Na visão de Matias, apesar da luta por direito iguais ter gerado conquistas à comunidade LGBT nos últimos anos- como a adoção por casais homoafetivos e o direito dos travestis e transexuais usarem o nome social – muitos delas permanecem ainda apenas no campo jurídico. Sem amparo legal, os casais gays só conseguem a equiparação de direitos dos seus relacionamentos com os de heterossexuais, por exemplo, na Justiça. “Isso não pode ser confundido com igualdade de direito. Não pode haver uma dicotomia: uns podem mais que os outros. O Judiciário está a anos luz do Legislativo”, diz.
Para Claúdia Regina dos Santos, presidente da Associação da Parada do Orgulho LGBT (APOGLBT), organizadora do evento, grande parte das pautas LGBT tem sido barrada por outro movimento que cresceu junto à parada gay nos últimos anos: o religioso. “Os movimentos religiosos cresceram dentro do poder. A bancada evangélica, por exemplo, está ganhando muita força. O retrocesso pode ser grande”, afirma.
Apenas dias antes da Parada Gay costuma acontecer em São Paulo a Marcha para Jesus. Considerada uma das maiores manifestações religiosas do mundo, ela já foi palco de declarações bastante polêmicas contra a união de casais gays e a criminalização da homofobia. Os pastores Marco Feliciano e Silas Malafaia – conhecidos por suas posições contrárias à comunidade homossexual- são presenças constantes no evento.
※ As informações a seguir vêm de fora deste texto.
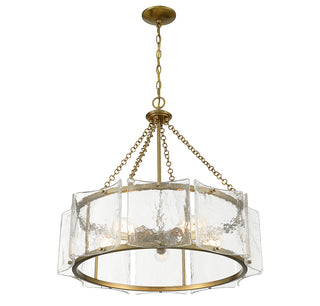 Genry 5-Light Pendant in Warm Brass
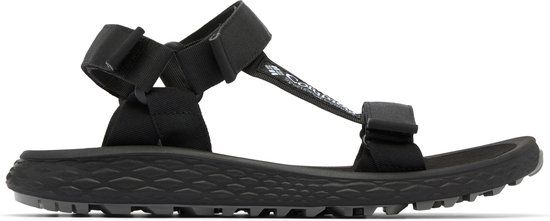 Columbia KONOS GLOBETROT™ Heren Sandalen - Black - Men's Hiking Sandals - Size 43 - Black/White - Velcro Closure - 2025 Spring/Summer Collection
“Uma coisa são algumas igrejas e movimentos ficarem no nosso pé, o outro é um grupo com determinada religião dominar a esfera legislativa e serem contra nossas pautas por uma questão religiosa, do que eles consideram certo ou errado”, explica. A preocupação com a intervenção da bancada evangélica no Legislativo fez a associação da Parada escolher a defesa do Estado laico como tema da marcha deste ano, que acontece neste domingo: “Independentemente de nossas crenças, nenhuma religião é lei. Todos e todas por um estado laico”.
A expectativa dos organizadores é a que a parada alcance neste ano um público de 3 milhões de pessoas. Participarão do evento 19 trios elétricos e destaques da musica brasileira como as cantoras Daniela Mercury e Anitta. A concentração começa às 10h em frente ao Masp, na avenida Paulista, de onde a parada seguirá pela rua da Consolação até o Anhangabaú.